Les conséquences pour la CEDEAO
- Perte de poids géopolitique : Le retrait de trois membres clés réduit la capacité d’action de la CEDEAO sur le plan sécuritaire et diplomatique.
- Défis économiques : Les échanges commerciaux, les corridors de transport et les projets d’intégration sont fragilisés par la fermeture des frontières et la suspension de certains accords.
- Risques de fragmentation : L’apparition de blocs concurrents menace la cohésion régionale et complique la gestion des crises transfrontalières.

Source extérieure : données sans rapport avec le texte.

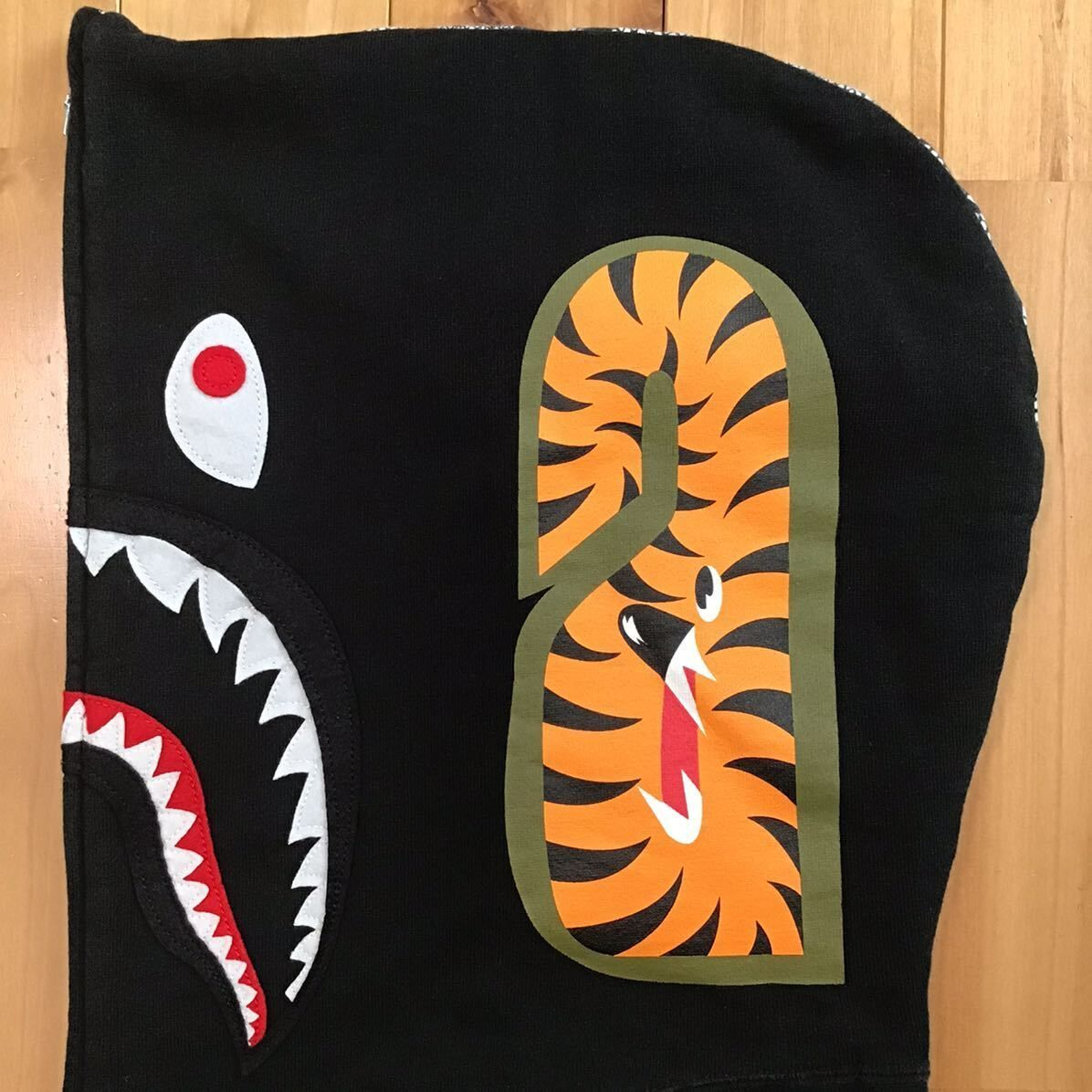 ★XL★ スネーク シャーク パーカー snake shark full zip hoodie a bathing ape BAPE エイプ ベイプ アベイシングエイプ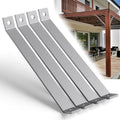14-5/8" 45 Degree Corner Brace - Heavy Duty 5.6 mm Thick Steel 45 Degree Angle Support Brackets for 1-5/8" Strut Channel, Galvanized 45 Degree Corner Braces, Inside Mount Angle Bracket - 4 Pack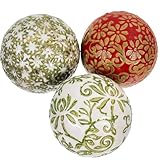 3 StüCk Keramische Schwimmende Kugeln Dekorative Ornamente FüR Teich Aquarium Und Garten - ZufäLlige Farben 6 cm Durchmesser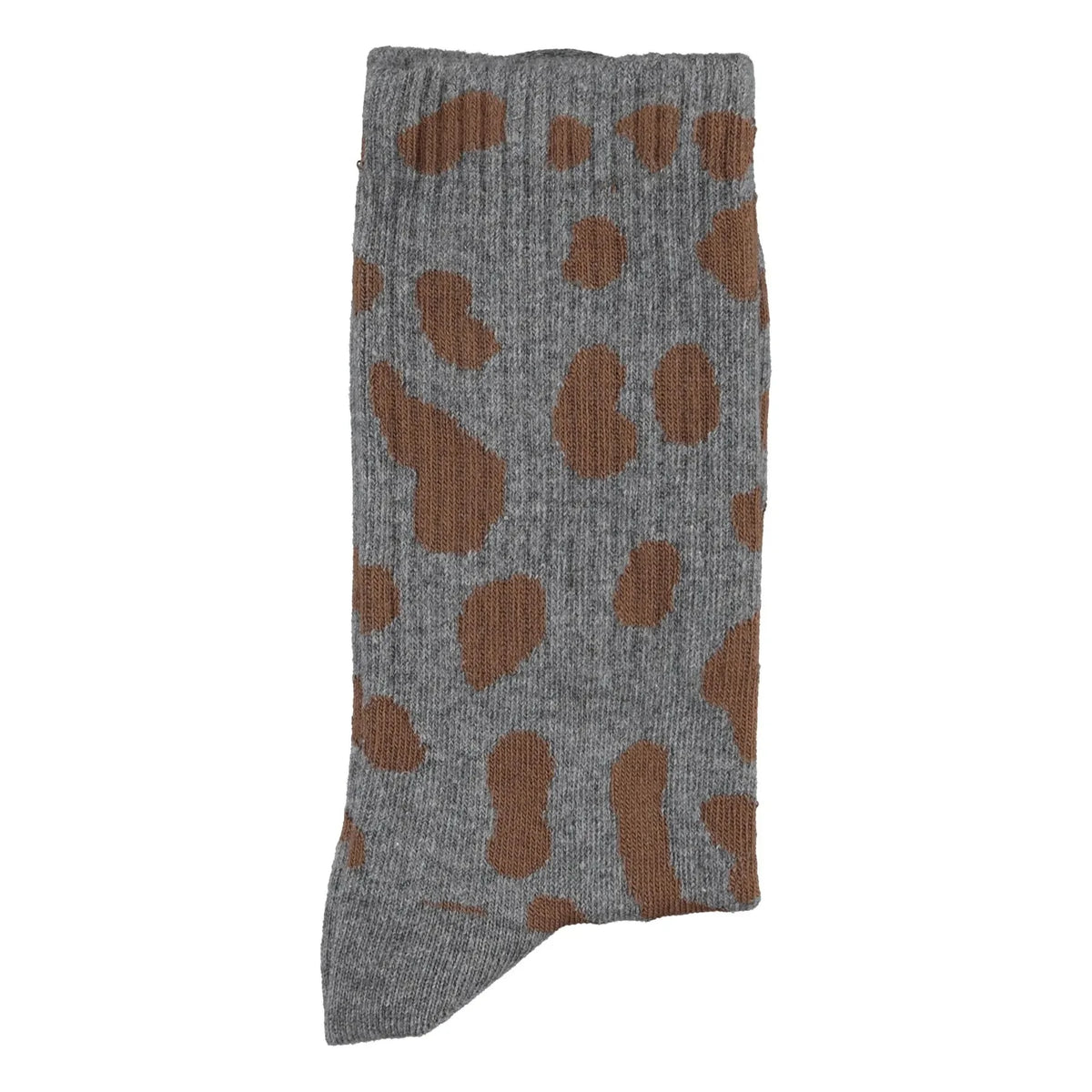 Piupiuchick - Leopard Socks | Gray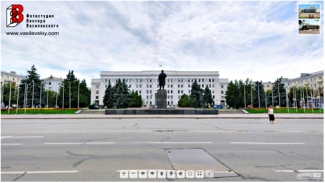 Театральная площадь,  3D панорама Луганска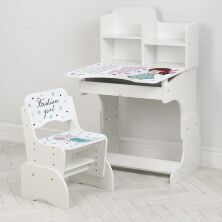Дитяча парта растишка Bambi B 2071-20 Париж рожевий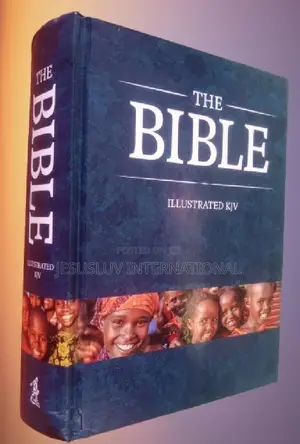 KJV Illustrated Bible +Full Color Maps for Adults Children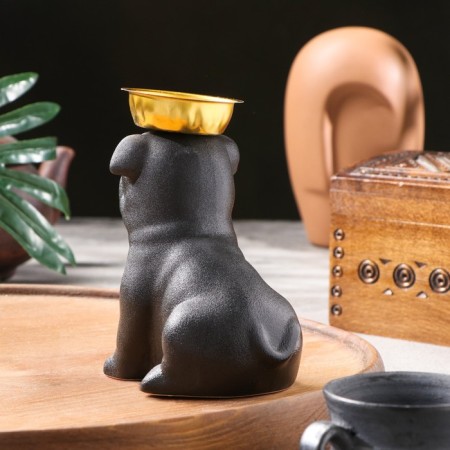 Standing for incense powder and cones "POPS", black, 13.3x7.3 cm-1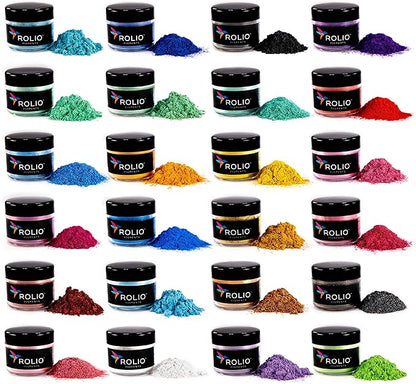 Rolio Premium Mica Powder Pearlescent Color Pigment by RolioPigments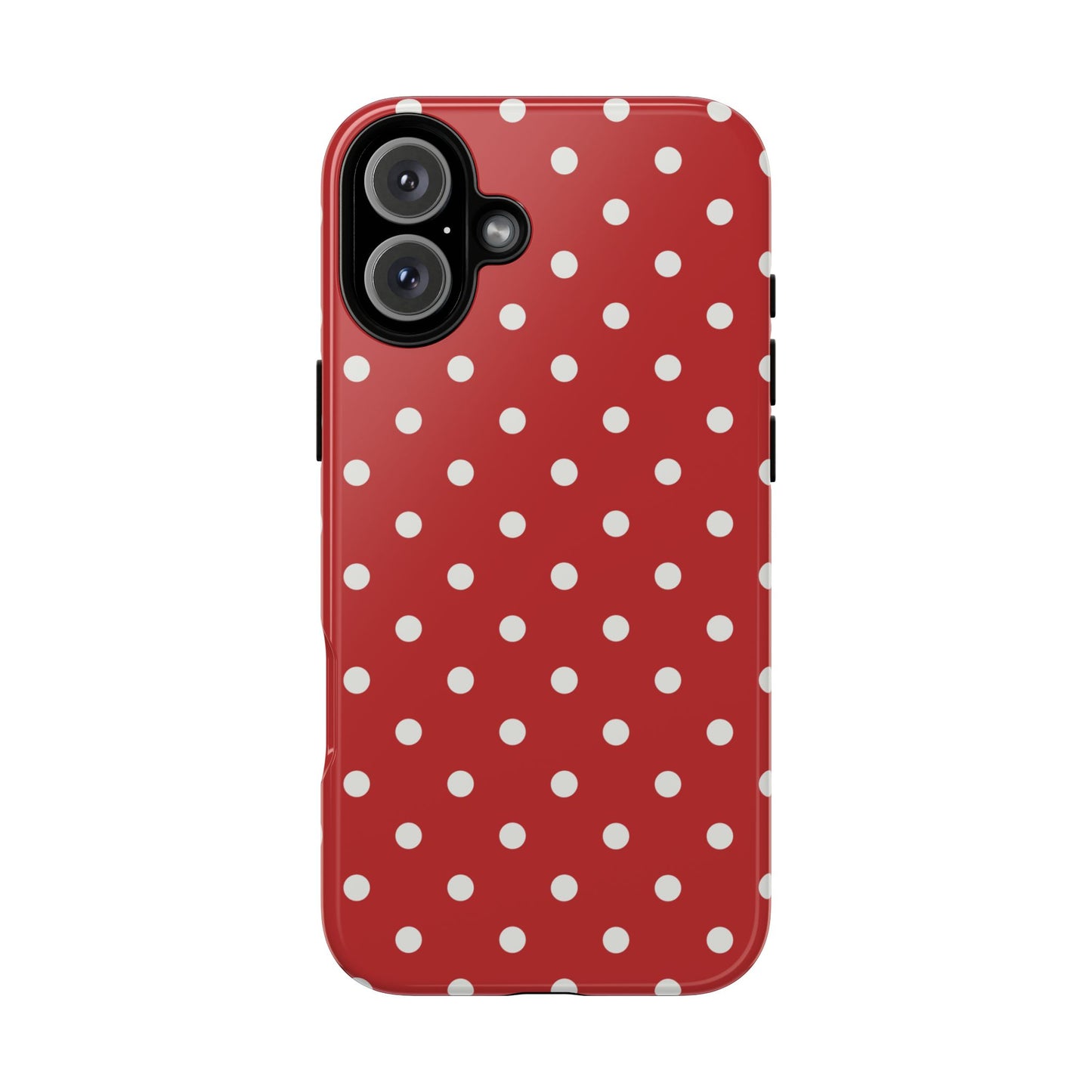 Red with White Dot Pattern Phone Case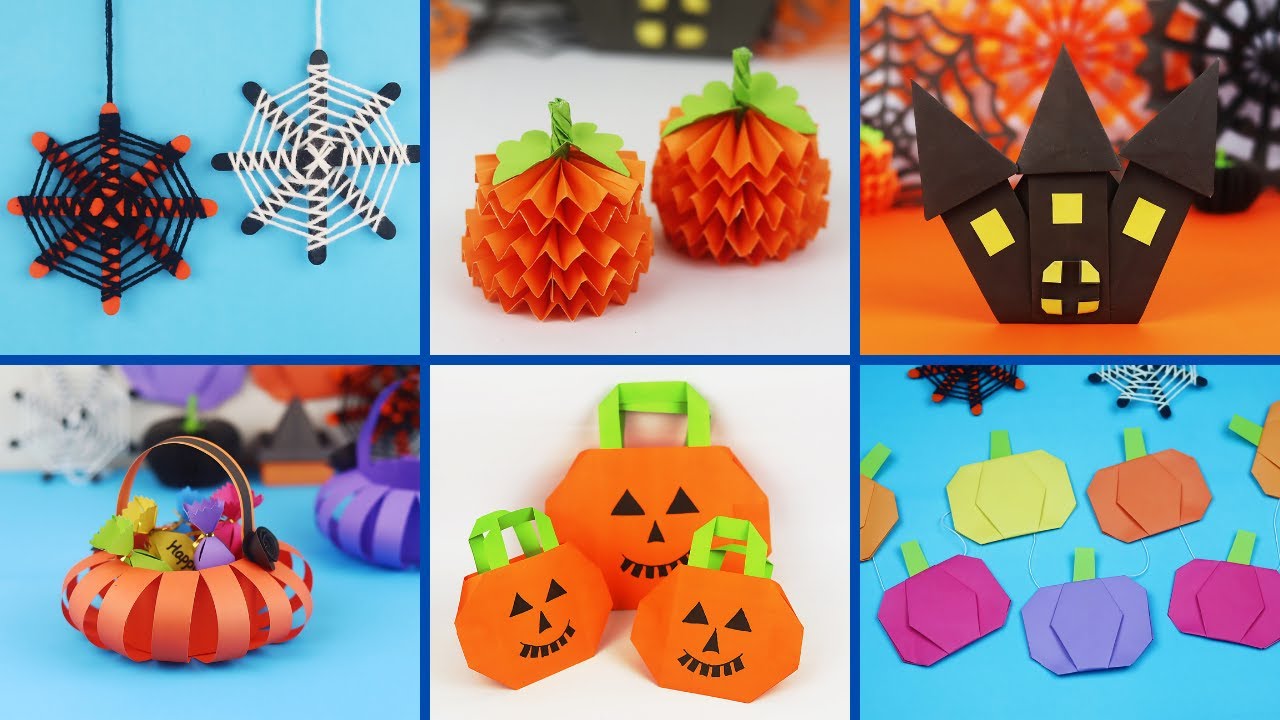 6 DIY Halloween Crafts Ideas 2022 | DIY Halloween | Halloween Decoration Ideas | Paper Crafts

Les réactions des autres États membres
La plupart des pays membres, dont le Nigeria, la Côte d’Ivoire et le Ghana, ont appelé au dialogue et à la réconciliation. Certains craignent un effet domino, d’autres insistent sur la nécessité de réformer la CEDEAO pour mieux répondre aux attentes des populations.
Le président nigérian Bola Tinubu, président en exercice de la CEDEAO, a réaffirmé l’importance de l’unité et proposé la tenue d’un sommet extraordinaire pour relancer le dialogue avec l’AES.
Les enjeux pour l’avenir de l’intégration régionale
- Sécurité collective : La lutte contre le terrorisme et le crime organisé nécessite une coopération régionale renforcée. La division actuelle profite aux groupes armés.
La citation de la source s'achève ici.